Muslikhin is launching a targeted yet integrated rural development program focused on women and children. The program has two major components: (1) Non-formal education for children, especially an innovative library and associated volunteer outreach and tutoring program; and (2) Strengthening the women's role through: (a) education, including study/discussion groups with a curriculum stretching from role awareness to home economics; and (b) economic supports including income generation (e.g., goats/fodder) and credit reform. He has started in fifteen villages in two sub-districts of the Gunung Kidul and hopes to develop and spread his work throughout the regency and, in the long run, across Java. If Muslikhin can refine his library-based volunteer education program for young drop-outs and help it begin to spread, it could have exceptionally wide impact. It's simple, inexpensive, and serves several important objectives and constituencies at the same time. A number of Ashoka Fellows are working to help more children stay in school long enough to become effective literate. However, in the meantime most of the children of the poor, especially in poor rural villages, are still leaving school well before reaching that level. Muslikhin doesn't want to abandon these young people. Instead he's creating a library and a team of volunteers to help them continue to explore, the larger world beyond their daily work in the village and the local cinema. Each week the volunteers take materials and teaching suggestions from the library and sit down with the young school-leavers with whom they're working. The "tutors" or "librarians" benefit almost as much as their young charges. Chiefly recent secondary school graduates, they have to think through the week's subject to be able to lead discussion well.

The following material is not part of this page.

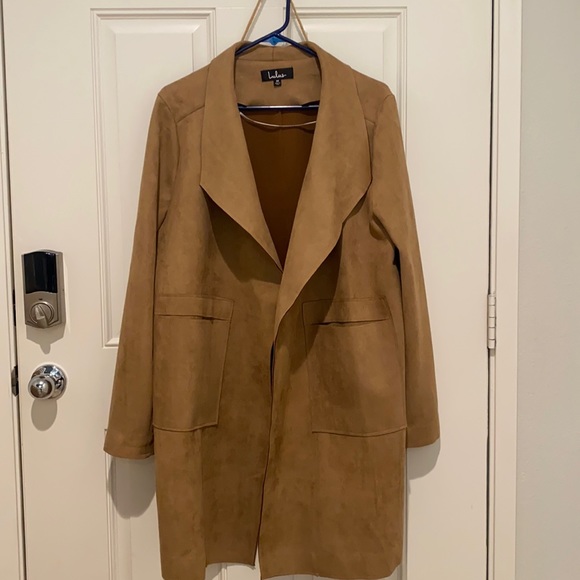 Lulus Jackets & Blazers - NWOT lulus “suede” long camel colored coat- oversized - please see some pen mark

They also get experience helping younger children, which is useful for those who later become teachers or parents. And it gives them responsibility and respect. Muslikhin expects groups of volunteers that begin drawing on e one library will eventually develop their own associated library, thus gradually spreading the idea in near-by areas. He'll also help it leapfrog to new areas.

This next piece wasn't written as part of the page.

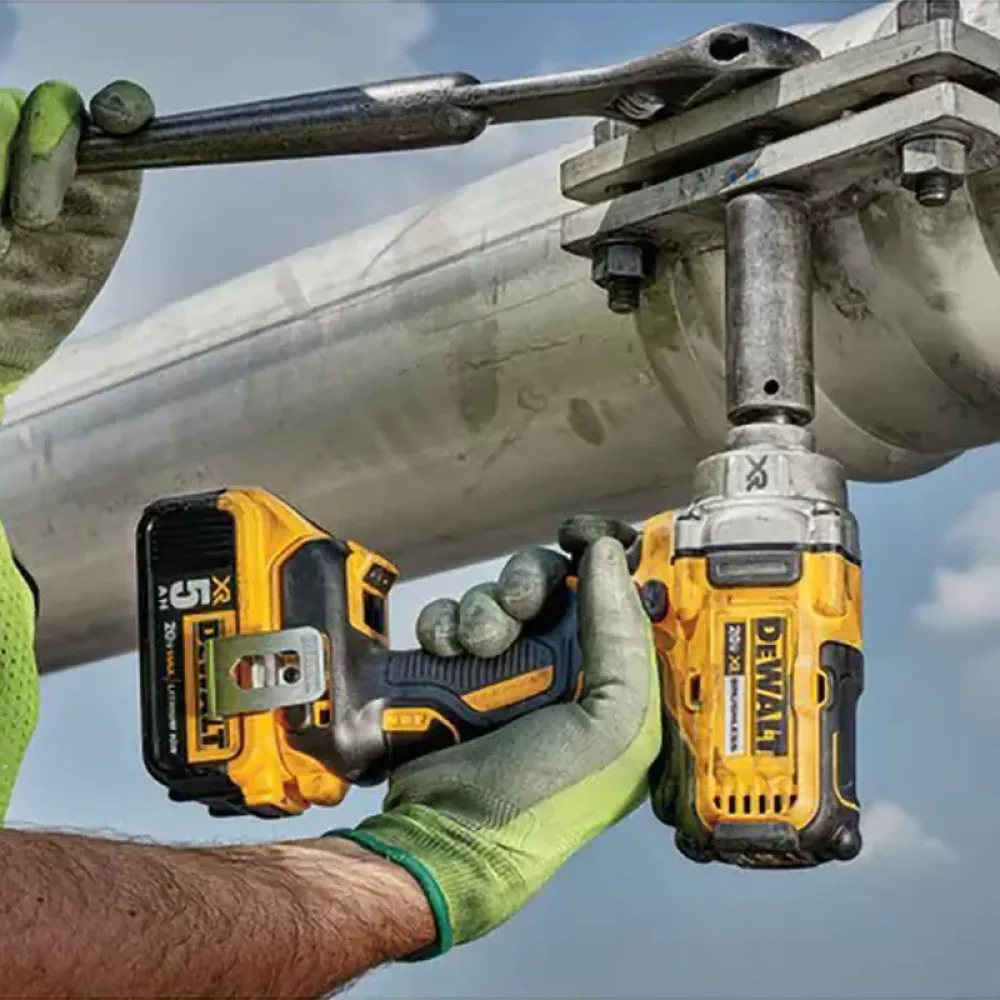 DeWalt DCF894HP2 гайковерт аккумуляторный (2 x 5 Ач, ЗУ)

Gunung Kidul had and still has the lowest per capita income levels in Java. In addition to being the least fertile part of the island, Gunung Kidul's hilly terrain has few natural resources. Farming is only possible four month yearly and then only for very limited dry-land crops such as cassava and soybean. In this region, where water is scarce, the government's attempt to introduce farming diversification has failed and the regreening program has succeeded only to the extend that it provides shade along the newly paved roads. (These roads invite flight to the cities. They connect directly to the nearby cities of Yogyakarta and Solo, and then on to Jakarta and the cities beyond). Gunung Kidul remains what it was: poor, arid, and deserted by most of its adult men, leaving behind the women and children who virtually have to take care of themselves. The women toil either in their own narrow plots of land, trying as hard as they can to grow in four months what they will consume in a year, or work as farm laborers. Water sellers and money lenders from outside the area add to the risk of pauperization. Younger children stay in school one half day everyday, largely because it is free. THe older children generally leave school by the sixth grade and help their "single parents" for a couple of years. Then the male adolescents take the bus to the cities. The degree of Gunung Kidul's poverty is exceptional, but the propensity of its young children to leave school before they are equipped to deal with the modern world is not. Perhaps its new volunteer educators and their library may become one of the region's most valuable exports.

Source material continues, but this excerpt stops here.